Learned through experience but begin with the things you have heard from others.   Some have trouble trusting the market, their strategies, the news, themselves, the strategies, and many other aspects of the financial environment.  It is a personal issue that must be addressed to allow oneself to consistently execute trades and a trade plan. (NOTE:  As experience grows, and as maturity grows, this area may not be an issue at all)

 

  1. Brainwashing “Experience” (Changing the way we think).

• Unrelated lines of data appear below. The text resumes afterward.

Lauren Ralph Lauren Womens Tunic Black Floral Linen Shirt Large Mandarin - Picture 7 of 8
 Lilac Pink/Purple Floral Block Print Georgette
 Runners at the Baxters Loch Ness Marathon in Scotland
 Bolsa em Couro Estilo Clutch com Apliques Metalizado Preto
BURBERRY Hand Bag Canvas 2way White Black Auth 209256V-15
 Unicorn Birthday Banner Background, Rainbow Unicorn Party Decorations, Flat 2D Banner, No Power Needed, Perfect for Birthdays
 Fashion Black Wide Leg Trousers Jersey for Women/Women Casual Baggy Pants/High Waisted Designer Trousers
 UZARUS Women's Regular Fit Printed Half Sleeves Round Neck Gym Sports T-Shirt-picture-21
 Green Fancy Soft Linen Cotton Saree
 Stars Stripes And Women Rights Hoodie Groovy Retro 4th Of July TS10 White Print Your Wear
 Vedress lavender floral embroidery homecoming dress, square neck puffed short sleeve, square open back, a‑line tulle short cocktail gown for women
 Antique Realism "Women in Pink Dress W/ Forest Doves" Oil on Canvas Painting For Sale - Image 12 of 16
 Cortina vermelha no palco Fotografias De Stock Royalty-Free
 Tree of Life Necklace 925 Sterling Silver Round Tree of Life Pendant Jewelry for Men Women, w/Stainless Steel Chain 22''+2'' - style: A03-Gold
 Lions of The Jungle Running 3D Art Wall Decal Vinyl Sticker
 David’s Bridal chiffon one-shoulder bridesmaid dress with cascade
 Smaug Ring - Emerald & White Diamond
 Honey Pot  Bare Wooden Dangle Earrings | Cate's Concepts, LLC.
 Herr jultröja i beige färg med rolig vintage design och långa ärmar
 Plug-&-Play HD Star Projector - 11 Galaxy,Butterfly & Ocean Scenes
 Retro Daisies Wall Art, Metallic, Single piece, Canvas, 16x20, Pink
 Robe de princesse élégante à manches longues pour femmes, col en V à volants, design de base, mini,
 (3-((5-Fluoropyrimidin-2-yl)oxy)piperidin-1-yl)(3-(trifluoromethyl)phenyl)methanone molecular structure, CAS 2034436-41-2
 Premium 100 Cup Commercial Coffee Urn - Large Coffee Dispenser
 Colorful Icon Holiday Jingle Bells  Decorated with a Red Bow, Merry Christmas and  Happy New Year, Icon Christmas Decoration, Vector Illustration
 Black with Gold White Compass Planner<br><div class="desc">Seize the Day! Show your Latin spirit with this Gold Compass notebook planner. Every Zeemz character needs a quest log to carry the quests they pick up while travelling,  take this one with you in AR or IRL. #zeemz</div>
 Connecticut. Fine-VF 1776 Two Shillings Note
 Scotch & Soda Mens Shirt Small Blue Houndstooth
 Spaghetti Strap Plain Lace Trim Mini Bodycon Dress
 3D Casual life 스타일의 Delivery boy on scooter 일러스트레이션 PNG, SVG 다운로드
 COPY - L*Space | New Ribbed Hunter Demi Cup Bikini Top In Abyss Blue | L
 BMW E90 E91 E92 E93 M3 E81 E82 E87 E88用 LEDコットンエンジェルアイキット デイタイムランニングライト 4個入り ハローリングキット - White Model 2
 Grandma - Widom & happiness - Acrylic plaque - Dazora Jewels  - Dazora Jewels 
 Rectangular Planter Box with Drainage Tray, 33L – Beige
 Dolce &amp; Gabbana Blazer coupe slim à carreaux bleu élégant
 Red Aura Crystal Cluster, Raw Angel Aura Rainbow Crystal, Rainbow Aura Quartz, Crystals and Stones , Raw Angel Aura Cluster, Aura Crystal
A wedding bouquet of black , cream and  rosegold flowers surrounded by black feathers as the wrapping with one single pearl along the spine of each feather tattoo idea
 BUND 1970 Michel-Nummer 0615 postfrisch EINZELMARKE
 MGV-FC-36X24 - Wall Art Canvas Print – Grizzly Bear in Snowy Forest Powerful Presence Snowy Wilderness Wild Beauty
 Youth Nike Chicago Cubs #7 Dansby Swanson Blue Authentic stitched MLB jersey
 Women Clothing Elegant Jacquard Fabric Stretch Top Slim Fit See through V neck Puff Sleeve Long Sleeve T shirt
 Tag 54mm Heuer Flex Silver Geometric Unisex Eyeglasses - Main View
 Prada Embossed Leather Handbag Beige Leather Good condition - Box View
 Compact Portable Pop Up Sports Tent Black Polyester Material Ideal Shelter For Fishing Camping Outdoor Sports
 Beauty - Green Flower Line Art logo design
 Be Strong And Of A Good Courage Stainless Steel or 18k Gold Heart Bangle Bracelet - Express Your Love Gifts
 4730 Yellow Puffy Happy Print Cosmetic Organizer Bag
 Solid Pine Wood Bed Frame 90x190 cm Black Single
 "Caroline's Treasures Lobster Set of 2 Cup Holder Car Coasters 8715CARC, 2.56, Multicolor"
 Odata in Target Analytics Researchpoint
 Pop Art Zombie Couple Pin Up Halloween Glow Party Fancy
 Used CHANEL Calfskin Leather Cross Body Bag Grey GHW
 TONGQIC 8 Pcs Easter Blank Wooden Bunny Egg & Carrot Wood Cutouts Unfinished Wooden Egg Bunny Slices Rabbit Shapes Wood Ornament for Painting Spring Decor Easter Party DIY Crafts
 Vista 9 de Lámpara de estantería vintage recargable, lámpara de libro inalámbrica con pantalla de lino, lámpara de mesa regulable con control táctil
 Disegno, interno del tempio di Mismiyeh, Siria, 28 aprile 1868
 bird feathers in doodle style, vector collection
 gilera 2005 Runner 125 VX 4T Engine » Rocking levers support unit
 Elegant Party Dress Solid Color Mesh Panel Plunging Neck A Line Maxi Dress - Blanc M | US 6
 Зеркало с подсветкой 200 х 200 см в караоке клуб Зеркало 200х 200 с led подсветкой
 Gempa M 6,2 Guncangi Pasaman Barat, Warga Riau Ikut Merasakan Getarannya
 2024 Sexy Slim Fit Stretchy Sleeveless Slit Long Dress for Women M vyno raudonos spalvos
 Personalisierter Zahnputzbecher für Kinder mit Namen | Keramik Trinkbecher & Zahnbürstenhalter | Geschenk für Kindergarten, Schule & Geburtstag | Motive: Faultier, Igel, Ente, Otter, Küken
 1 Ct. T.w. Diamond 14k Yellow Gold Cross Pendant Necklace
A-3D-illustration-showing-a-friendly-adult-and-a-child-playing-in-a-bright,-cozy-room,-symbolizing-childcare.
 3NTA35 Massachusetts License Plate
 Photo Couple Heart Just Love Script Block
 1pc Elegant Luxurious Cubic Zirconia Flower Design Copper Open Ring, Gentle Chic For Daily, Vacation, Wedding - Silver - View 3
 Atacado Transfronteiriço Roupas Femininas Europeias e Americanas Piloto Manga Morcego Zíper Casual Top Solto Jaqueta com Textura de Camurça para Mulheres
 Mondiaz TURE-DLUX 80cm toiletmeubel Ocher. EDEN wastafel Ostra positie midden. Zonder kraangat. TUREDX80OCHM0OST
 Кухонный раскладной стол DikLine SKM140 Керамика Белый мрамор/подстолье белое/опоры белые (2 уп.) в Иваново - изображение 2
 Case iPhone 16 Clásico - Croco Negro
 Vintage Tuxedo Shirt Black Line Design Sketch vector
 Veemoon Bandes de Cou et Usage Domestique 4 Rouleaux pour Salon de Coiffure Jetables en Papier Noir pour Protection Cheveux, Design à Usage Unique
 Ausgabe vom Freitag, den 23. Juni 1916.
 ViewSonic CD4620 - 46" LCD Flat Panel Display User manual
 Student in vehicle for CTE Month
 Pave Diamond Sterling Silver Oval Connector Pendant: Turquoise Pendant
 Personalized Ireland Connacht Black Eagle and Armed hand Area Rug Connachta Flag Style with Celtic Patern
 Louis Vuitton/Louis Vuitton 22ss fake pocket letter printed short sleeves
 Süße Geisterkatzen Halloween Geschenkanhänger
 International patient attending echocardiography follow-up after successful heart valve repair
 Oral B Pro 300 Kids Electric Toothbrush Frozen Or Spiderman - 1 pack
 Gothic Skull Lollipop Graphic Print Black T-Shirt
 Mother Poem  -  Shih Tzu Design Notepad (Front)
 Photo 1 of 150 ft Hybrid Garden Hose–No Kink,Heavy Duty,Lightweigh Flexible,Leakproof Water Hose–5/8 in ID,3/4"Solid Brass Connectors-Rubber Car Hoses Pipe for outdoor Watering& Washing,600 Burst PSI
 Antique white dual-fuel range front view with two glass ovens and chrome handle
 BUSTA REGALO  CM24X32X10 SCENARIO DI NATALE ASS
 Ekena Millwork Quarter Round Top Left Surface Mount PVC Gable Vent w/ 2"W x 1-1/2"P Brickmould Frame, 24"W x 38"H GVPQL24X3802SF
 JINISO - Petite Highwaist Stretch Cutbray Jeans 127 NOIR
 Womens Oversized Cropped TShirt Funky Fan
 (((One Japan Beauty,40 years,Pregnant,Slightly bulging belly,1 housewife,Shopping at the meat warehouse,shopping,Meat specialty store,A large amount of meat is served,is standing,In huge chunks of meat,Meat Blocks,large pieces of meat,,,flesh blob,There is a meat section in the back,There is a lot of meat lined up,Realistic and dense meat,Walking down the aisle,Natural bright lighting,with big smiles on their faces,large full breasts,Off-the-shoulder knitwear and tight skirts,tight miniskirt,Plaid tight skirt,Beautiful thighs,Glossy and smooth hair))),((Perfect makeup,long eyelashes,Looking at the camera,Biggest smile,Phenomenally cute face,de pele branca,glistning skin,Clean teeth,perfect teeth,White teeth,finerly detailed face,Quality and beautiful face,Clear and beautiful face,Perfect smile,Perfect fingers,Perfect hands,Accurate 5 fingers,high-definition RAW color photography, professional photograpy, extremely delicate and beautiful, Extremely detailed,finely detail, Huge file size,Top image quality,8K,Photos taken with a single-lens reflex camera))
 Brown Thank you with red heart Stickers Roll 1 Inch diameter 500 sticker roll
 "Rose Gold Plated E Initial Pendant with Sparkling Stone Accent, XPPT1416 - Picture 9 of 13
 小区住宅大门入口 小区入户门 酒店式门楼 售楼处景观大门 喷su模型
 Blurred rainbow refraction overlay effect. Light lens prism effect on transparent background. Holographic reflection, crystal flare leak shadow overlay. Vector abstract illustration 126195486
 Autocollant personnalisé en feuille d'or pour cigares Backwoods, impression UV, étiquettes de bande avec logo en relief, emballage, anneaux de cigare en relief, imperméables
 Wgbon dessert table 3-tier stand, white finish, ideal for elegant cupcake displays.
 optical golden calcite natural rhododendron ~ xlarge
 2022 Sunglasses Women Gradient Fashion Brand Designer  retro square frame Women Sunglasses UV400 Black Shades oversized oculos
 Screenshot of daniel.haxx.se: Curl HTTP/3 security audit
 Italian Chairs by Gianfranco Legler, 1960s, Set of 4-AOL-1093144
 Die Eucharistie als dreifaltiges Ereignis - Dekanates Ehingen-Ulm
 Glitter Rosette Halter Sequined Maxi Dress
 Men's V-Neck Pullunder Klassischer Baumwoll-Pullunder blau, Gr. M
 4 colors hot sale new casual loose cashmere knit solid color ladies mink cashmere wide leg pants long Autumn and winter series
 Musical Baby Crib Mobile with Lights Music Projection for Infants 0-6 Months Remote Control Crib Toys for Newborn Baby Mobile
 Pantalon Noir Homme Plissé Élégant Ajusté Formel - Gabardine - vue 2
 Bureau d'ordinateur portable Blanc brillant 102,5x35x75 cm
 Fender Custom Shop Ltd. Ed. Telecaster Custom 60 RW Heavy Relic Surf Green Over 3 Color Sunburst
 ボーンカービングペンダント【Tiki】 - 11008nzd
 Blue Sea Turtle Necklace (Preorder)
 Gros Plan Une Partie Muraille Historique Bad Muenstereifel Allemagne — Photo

When people start trading, they have many things that distract them from the task at hand.  This category is simply to be a place holder for all those thousands of memes, news events, sayings, negative emotions, positive emotions, and life experiences that paralyze the trader and often just distract us from the task at hand.  All the financial news and discussion and conventional wisdom may make being a trader “fun”, but it doesn’t make you a good trader. People’ss playing in people’s heads must be washed from their action.  You can still have “fun”, but not with your finances. You need to ignore what you don’t control.

 

Of these five categories, the first three (designated “CORE”) are where you want to spend most of your time.   In fact, all your time after you get more experience and build your skills.  Until that point though, the bottom two categories must be acknowledged and as quickly as possible, stricken from your action activities.

 

First step:  Work on your technical skills.   Make a list of what you need to work on and prioritize them.  Give them high priority.   You don’t want the technology to take your money or knock you out of the game.  New tech means high priority to evaluate its impacts on you and prevent defects.

 

Second step: Make and maintain a list of the qualities of a good trader and evaluate yourself against them.   Brainstorm and prioritize what you can do to address those issues and opportunities.

 

Third step: Find and test your strategies.   Without a suite of strategies that fit your personality you aren’t going anywhere. Many jump right to the strategies without preparing the other areas, and that is a huge mistake.  There is no rush. In fact, you will get further and faster along if you work on these steps in order.

 

Fourth step:   Continue to “sharpen the saw” by reviewing and maintaining lists in each of these areas as an ongoing feature of your future expectation. As said earlier, the process is never over, but one of constant and planned change.

 

You will need to brainstorm and maintain these category lists to have a list to prioritize from.  Get used to it, you have a lifetime to do it.